- WORK REQUEST -
Both ends included, set down the lines from the line containing "Trumpet/Mermaid Ivory Lace" through the last line of the records below, without pictures.

- SUPPLIED RECORDS -

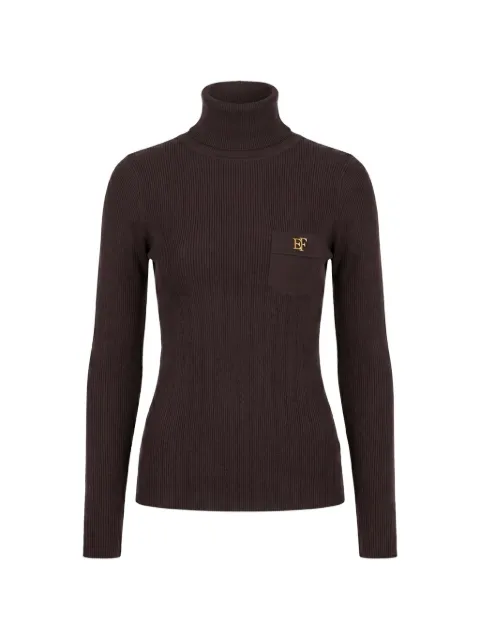 Elisabetta Franchi ribbed-knit logo-plaque sweater Brown MK05B66E2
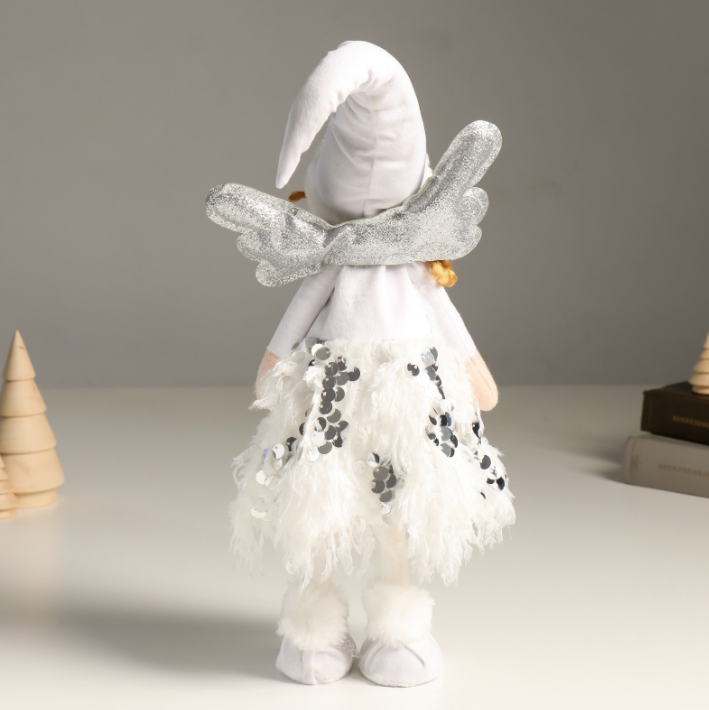 Кукла интерьерная текстильная «Ангелочек в белом с пайетками, серебристые крылья», 40 см в строительных магазинах СтройГрад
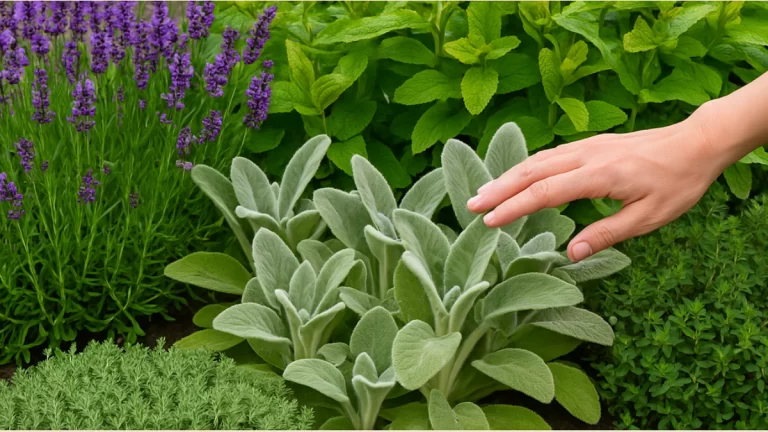 Jardim Sensorial com Plantas aromáticas e texturas variadas.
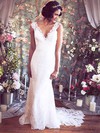 Trumpet/Mermaid Ivory Lace Covered Button V-neck Wedding Dresses #LDB00021351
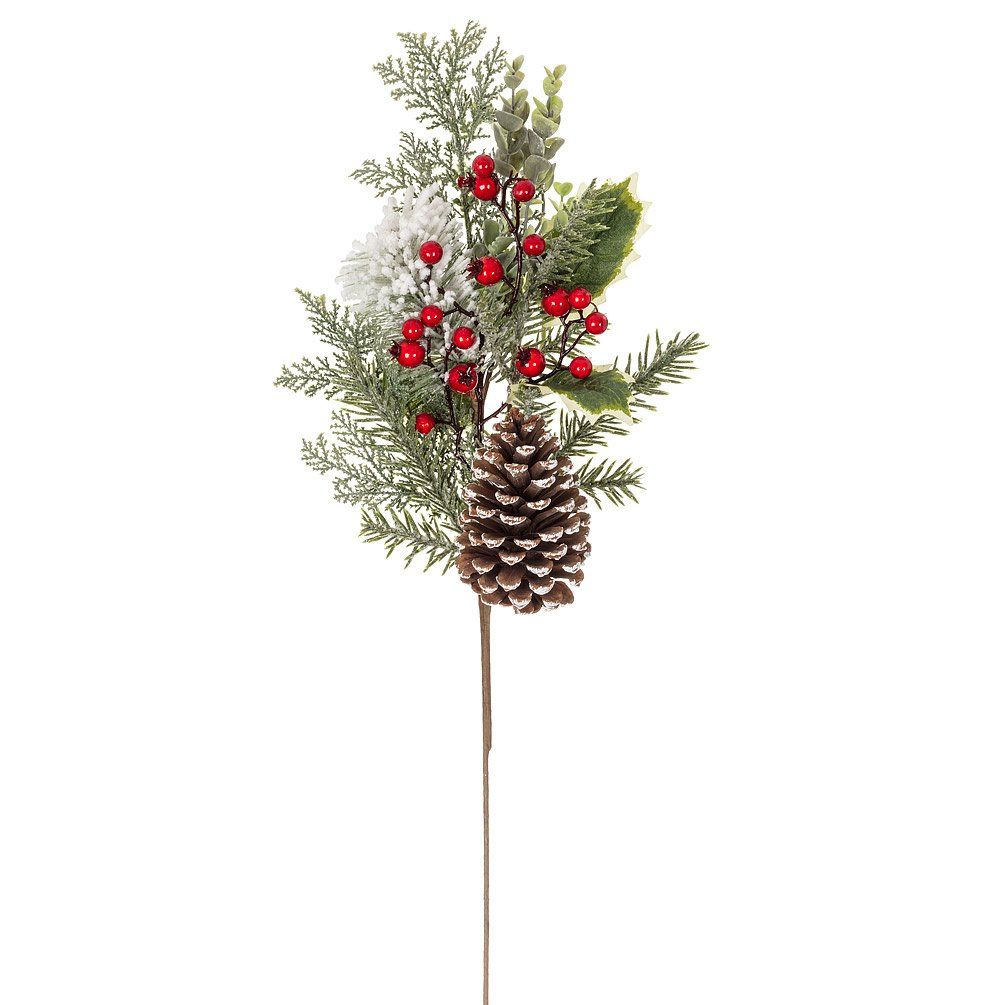 Snowy Pinecone Branch - 23&quot;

- OUTPUT BELOW -
 Trumpet/Mermaid Ivory Lace Covered Button V-neck Wedding Dresses #LDB00021351
 Snowy Pinecone Branch - 23&quot;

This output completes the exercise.